Ехали Опольем, среди уже загустевших озимых и светлых платах только посеянного ярового. В вышине, незримые, звенели жаворонки. Кони, приустав, шли шагом. В окошко впивалась весенняя утренняя прохлада еще не прогретой вдосталь земли. Шагом ехали комонные по сторонам, приспустивши поводья. Даниил молчал, задремывая после полубессонной ночи, а Андрей глядел в ничто, прямо перед собой, почему-то догадывая, что дивное творение Святослава долго не проживет, и думая так, провожая уходящую в прошлое красоту, мысленно готовился к очередному подвигу творчества, и только одно вымолвил, когда уже и весь Юрьев утонул в далеких хлебах, вымолвил едва слышно, глядя в далекое ничто грядущих бед, пожаров и разорений: «Чтобы свеча не погасла!»
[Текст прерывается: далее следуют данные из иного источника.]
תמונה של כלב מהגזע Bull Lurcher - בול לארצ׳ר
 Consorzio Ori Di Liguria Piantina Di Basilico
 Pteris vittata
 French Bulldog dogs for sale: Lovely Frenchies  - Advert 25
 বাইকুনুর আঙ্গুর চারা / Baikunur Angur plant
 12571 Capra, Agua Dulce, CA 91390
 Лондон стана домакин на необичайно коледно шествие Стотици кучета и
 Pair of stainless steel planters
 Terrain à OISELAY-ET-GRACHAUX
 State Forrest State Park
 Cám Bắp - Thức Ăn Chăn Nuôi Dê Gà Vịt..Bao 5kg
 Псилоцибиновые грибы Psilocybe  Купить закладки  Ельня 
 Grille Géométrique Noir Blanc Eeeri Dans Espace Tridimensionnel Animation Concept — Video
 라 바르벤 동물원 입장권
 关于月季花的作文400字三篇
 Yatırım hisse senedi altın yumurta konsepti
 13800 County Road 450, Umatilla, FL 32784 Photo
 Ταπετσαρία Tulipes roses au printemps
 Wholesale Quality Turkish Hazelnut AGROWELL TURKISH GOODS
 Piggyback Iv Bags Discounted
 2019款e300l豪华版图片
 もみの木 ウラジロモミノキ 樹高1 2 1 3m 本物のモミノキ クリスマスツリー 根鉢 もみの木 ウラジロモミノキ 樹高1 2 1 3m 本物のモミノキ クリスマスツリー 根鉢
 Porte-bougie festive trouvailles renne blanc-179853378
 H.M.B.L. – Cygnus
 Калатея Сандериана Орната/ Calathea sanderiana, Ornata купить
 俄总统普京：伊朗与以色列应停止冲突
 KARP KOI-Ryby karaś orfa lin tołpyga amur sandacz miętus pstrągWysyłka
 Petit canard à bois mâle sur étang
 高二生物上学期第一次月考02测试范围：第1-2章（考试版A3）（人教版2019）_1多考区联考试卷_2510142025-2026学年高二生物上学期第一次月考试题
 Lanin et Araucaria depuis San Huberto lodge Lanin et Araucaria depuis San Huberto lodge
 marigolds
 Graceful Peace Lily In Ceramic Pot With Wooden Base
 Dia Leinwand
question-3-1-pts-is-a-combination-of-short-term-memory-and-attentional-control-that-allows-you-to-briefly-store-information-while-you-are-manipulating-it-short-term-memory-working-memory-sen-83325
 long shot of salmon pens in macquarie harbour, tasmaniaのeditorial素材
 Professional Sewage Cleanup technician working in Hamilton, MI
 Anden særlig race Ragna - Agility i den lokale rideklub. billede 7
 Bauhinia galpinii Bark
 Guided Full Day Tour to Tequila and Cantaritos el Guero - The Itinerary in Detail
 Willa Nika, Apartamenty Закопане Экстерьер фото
Он сейчас каким-то сверхчувствием своим постигал всю горькую временность творческих усилий человечества. И то, что создано, неизбежно гибнет в волнах времен, и токмо непрестанный труд все новых и новых творцов не дает угаснуть на Земле дыханию Господа, тому, что среди крови, грязи, бесконечных нашествий и войн подымает человека с колен, заставляет помыслить о вечном и приближает его к Создателю.
Чтобы «свеча не погасла»! Вновь и вновь! Возок вздрагивает и кренится на мягкой колеистой дороге. Близит Владимир, близит подвиг, который им предстоит совершить.
Величественные шеломы древних соборов, подымающиеся из-за рубленых городень городского вала, показались издалека, разом означив сановитость древней столицы Владимирской земли.
Данила, хоть и бывал не раз во Владимире, именно тут ощутил первую робость перед порученной им работою. Не уронить лица, оказаться вровень с древними строителями показалось невероятно трудным! Андрей ничего такого не испытывал, вернее, испытал и пережил заранее, и теперь с острым интересом взирал на приблизившую красоту, начиная от Золотых ворот, невероятно высоких, стиснутых со сторон городскими валами. Он тотчас по въезде в город сумел увидеть и оценить величие духовных твердынь прошлого, утонувшей в столетьях Киевской Золотой Руси. Он узрел и мощь, и полноту тайного смысла резного узорочья белокаменных стен. Он приказал остановить возок на подъезде и долго взирал издали на Успенский собор. И уже подъезжая вплоть, оказавшись за монастырскими воротами, что-то решил про себя. Даниилу бросил, как о решенном, полупонятное: «Нам надо возвысить!» И не пояснил, как и что.
Обступила, уже предупрежденная, монастырская обслуга, повестили, что от князя Юрия давеча прискакал скорый гонец, двое суток не слезавший с седла, а ныне почивает с пути, что мастеров ждут. И тут же подошел могутный, мрачный мужик, повестив более Даниилу, чем Андрею:
– Ямчуга, кажись, вышла вся! Теперь бьем дубовыми пестами, бьем кажен день, как начали на Велик день, так и доселе. Повидь! А там – как велишь! А льняная куделя нарезана уже! Тамо! Мы свое дело знаем!
Оказалось, что и старая обмазка сбита, и гвозди под раствор набиты кое-где, и подмостья, ведущие к куполу храма, сооружены и заботно сколочены. Словом, подмастерья времени даром не теряли, да, впрочем, сработались давно и понимали друг друга до слов.